= What the task requires =
Everything from the line containing "BLUE PRINT ADBP460012 Handbremsseil für KIA" through the line containing "Kristian Stiveni st. - 2 rooms" should be repeated exactly, and nothing else from the data.

= Input for this task =
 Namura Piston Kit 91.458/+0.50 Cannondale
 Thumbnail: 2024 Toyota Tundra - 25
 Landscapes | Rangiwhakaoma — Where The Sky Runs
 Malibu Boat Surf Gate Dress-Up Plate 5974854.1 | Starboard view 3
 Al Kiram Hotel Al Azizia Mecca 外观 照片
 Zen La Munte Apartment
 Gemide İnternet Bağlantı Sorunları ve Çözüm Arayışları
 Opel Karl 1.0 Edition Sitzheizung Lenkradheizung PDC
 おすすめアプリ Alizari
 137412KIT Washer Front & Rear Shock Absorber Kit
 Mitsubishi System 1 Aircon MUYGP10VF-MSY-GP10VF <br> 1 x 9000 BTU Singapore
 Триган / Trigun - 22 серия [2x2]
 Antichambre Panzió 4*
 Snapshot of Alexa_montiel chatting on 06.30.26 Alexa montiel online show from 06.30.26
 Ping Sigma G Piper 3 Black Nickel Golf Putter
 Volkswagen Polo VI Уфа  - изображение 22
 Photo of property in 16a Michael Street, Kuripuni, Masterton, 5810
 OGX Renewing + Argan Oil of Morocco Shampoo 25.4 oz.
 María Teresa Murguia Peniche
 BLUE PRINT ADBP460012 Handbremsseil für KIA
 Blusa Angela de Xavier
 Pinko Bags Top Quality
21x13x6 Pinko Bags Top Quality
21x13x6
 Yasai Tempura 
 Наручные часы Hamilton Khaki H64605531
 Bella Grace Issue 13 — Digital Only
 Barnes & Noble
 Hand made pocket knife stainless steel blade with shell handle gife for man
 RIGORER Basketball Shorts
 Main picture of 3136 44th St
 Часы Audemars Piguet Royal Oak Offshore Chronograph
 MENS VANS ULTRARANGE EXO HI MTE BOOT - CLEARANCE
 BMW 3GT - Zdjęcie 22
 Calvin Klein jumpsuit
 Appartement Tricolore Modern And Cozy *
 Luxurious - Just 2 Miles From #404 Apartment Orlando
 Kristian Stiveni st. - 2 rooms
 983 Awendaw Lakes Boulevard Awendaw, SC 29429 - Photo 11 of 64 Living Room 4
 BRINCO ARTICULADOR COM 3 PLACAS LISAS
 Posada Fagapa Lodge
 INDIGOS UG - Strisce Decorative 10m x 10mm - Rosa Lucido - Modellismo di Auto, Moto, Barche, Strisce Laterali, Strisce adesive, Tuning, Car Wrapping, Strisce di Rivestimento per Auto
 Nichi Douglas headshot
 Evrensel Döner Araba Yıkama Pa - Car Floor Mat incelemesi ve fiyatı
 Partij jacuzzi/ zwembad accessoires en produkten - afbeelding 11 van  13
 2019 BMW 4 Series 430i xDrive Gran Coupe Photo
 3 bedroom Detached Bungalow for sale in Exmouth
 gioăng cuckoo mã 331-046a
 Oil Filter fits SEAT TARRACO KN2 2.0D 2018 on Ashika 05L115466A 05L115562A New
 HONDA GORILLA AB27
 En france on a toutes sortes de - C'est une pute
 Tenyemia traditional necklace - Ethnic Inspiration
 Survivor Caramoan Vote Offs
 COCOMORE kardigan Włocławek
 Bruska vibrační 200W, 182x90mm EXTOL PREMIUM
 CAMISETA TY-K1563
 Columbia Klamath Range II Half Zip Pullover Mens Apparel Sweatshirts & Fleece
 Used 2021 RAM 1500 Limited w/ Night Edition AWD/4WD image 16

= Task output =
 BLUE PRINT ADBP460012 Handbremsseil für KIA
 Blusa Angela de Xavier
 Pinko Bags Top Quality
21x13x6 Pinko Bags Top Quality
21x13x6
 Yasai Tempura 
 Наручные часы Hamilton Khaki H64605531
 Bella Grace Issue 13 — Digital Only
 Barnes & Noble
 Hand made pocket knife stainless steel blade with shell handle gife for man
 RIGORER Basketball Shorts
 Main picture of 3136 44th St
 Часы Audemars Piguet Royal Oak Offshore Chronograph
 MENS VANS ULTRARANGE EXO HI MTE BOOT - CLEARANCE
 BMW 3GT - Zdjęcie 22
 Calvin Klein jumpsuit
 Appartement Tricolore Modern And Cozy *
 Luxurious - Just 2 Miles From #404 Apartment Orlando
 Kristian Stiveni st. - 2 rooms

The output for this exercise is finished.